Randy Shaw, executive director of the Tenderloin Housing Clinic said he already has “definite commitments” from hotel operators who want to participate in a pilot project that would assist 75 to 100 recipients of city General Assistance funds.
The project is a key feature of a new Agnos administration policy aimed at finding permanent housing for homeless welfare recipients and thus reducing the cost of the city’s $6 million-a-year emergency housing program.
The Social Services Commission voted unanimously yesterday to endorse the policy as a concept without discussing its specifics.
The Tenderloin hotel project is expected to have an immediate effect on welfare recipients who drift in and out of homelessness.
Under the experiment, welfare recipients will pay for their rooms a month in advance. In return for this occupancy guarantee, the hotels will be asked to charge lower rates.
The idea has been floated for years but received city backing after Agnos appointed Julia Lopez general manager of the Social Services Department in June.
The details have yet to be worked out by hotel managers, who must set aside a limited number of rooms. The monthly rates are being negotiated, but Shaw believes the hotels will agree to rents in the $250 to $275 range for single rooms.
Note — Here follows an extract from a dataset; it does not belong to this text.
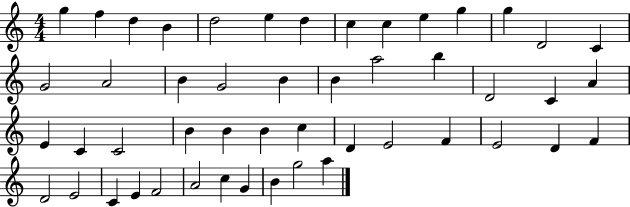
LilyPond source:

The city has agreed to forward to Shaw’s agency the monthly payments of any welfare recipients who participate. Shaw then would write checks to the hotels and hand over the balance to the recipients.
Hank Wilson, who runs the Ambassador Hotel, endorsed the idea.
“To me, the important thing is to give stability to people who have been urban gypsies,” said Wilson, who houses a number of transient welfare recipients. He declined to say what, if any, deal he is prepared to offer on rates.
Gerda Kircher, co-worker of several hotels, said she would male some rooms available to welfare recipients. She also would not discuss the financial terms.
Advocates of the homeless and members of the Social Services Commission generally spoke favorably of the plan. But one commissioner, Marilyn Borovoy, questioned why hotels would agree to lower their rates when the demand for housing is so high.